It's been quite some time since we first heard rumblings of the PlayStation phone. The concept - a high-end Android phone mashed together with familiar PlayStation controls - seemed like one that could revolutionize gaming on Android. In theory, this device could have done just that.
Unfortunately, in a world where dual core devices are becoming more and more the norm, the Xperia Play's single-core Snapdragon processor (as fast as it is) is already incompatible with some high-end games, such as those optimized for Tegra 2 devices. And it's hard to justify purchasing the phone when the rest of the device has taken a backseat to the all-important gamepad.
At A Glance
The Xperia Play may not be equipped with some fancy new dual-core processor or 4G radio, but its specifications are still up to muster:
- 4.0" 854 x 480 display
- 1 GHz Snapdragon Processor
- 512 MB RAM
- 512 MB ROM
- Stock Android 2.3.2
- 5 megapixel camera with LED Flash
- VGA Front-facing camera
- PlayStation controls
- Dimensions: 4.69 x 2.44 x 0.63 (119 x 62 x 16 mm)
- Weight: 6.17 oz (175 g)
Automatic brightness cannot be turned off, and is generally very dull.
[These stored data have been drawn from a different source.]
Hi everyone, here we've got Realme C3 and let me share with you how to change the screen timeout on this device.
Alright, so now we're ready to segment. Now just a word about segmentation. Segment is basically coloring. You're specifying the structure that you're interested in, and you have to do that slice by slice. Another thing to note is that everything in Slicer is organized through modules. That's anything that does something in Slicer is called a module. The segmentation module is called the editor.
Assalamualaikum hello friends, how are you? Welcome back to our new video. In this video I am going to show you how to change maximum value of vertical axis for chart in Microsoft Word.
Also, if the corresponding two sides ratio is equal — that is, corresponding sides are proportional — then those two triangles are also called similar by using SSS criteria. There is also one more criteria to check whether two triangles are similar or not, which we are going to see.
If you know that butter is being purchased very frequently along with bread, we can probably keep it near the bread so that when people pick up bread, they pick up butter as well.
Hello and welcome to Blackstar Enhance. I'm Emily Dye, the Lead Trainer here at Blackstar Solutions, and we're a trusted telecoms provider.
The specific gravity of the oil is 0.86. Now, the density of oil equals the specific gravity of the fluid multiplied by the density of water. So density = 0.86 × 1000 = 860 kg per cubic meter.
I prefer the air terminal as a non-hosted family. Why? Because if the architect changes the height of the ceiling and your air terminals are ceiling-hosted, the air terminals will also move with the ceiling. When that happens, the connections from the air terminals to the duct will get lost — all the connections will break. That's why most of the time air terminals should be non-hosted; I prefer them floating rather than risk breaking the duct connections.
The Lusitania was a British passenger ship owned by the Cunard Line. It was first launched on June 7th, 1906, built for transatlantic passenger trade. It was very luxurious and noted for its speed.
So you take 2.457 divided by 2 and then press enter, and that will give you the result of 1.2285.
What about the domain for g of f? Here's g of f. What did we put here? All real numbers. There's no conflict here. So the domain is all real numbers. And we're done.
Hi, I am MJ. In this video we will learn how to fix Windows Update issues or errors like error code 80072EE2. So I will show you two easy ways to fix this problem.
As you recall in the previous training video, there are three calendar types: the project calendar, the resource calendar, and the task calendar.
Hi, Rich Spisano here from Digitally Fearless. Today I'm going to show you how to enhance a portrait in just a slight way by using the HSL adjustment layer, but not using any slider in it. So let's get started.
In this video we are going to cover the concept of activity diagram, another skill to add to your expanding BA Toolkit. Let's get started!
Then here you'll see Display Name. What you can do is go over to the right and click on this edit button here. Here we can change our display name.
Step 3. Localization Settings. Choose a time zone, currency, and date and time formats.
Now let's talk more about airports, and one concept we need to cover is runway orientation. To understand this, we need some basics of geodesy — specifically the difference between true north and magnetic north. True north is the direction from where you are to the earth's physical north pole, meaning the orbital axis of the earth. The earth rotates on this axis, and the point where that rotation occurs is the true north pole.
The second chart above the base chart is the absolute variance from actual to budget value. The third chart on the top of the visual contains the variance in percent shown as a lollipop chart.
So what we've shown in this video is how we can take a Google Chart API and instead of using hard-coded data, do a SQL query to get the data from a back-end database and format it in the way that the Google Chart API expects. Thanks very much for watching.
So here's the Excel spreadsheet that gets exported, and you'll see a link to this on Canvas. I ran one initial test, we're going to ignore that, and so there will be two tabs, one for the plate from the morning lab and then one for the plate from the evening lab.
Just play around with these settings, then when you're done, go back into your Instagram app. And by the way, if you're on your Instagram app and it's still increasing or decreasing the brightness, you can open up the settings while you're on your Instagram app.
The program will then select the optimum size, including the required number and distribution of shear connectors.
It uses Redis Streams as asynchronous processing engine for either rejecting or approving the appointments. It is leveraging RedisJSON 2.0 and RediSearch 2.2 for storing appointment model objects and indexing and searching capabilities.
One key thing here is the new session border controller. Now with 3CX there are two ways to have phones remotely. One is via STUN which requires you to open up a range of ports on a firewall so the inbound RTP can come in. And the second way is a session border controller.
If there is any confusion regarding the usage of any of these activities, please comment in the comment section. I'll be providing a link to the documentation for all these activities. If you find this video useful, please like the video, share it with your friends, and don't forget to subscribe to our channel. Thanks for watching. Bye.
Poor build quality throughout most of the device.
Lack of a modern dual-core processor means resource-intensive Android games might not run well on the Play. Future-proof is not something that comes to mind when describing this device.
In A Sentence: The Xperia Play is great at what it does, but poor build quality and the single-core processor will probably prompt you to upgrade it sooner than you would expect.
You should buy it if: You love gaming on your Android device and have an affinity for stock Android without hacking.
Who says a phone has to be thin to be great? While Samsung is touting the thinness of their Infuse 4G and Galaxy S II phones, Sony Ericsson has gone in pretty much the opposite direction with the Xperia Play, for the obvious reason of the built-in gamepad. Seriously, this phone is pretty huge, even thicker than some QWERTY sliders. Fortunately, Sony Ericsson engineers have done their best to make the Play as comfortable in your hand as possible, although their design decisions have had some unintended side effects.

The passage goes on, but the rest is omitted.